● **TASK INSTRUCTIONS**
The required copy runs from the first line of the material through the line containing "Hey, how's it", exactly as written and without pictures.

● **DATA BLOCK**
══════════════════════════════

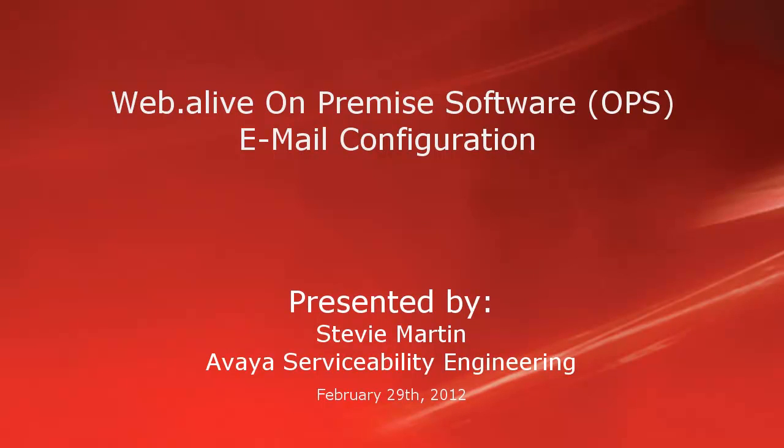Hello, my name is Stevie Martin with the Avaya Serviceability Engineering team. This video is about the email configuration for a Web.Live OPS environment.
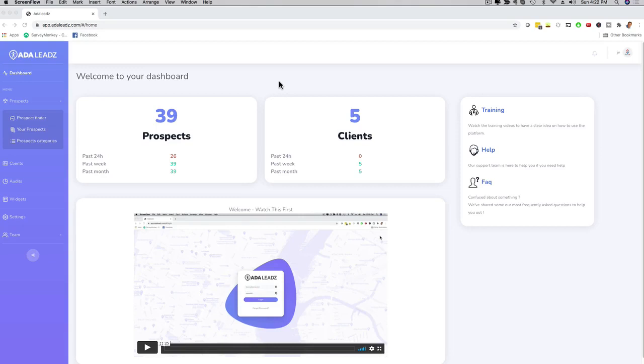Hey, how's it going? This is Mario and I'm going to give you a full demo of our brand new ADA Leads platform so that you can see exactly what it does and how it works in action.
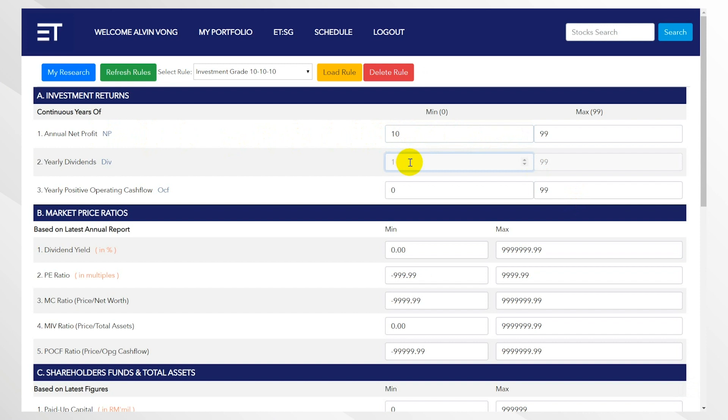This is very important because if you want to find stocks to build your dividend portfolio, you don't want to find stocks that only sometimes pay dividends. You want to find stocks that are consistently paying dividends. So this is 10 years, and this is continuously 10 years of positive operating cash flow.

══════════════════════════════

● **EXERCISE SOLUTION**
Hello, my name is Stevie Martin with the Avaya Serviceability Engineering team. This video is about the email configuration for a Web.Live OPS environment.
Hey, how's it going? This is Mario and I'm going to give you a full demo of our brand new ADA Leads platform so that you can see exactly what it does and how it works in action.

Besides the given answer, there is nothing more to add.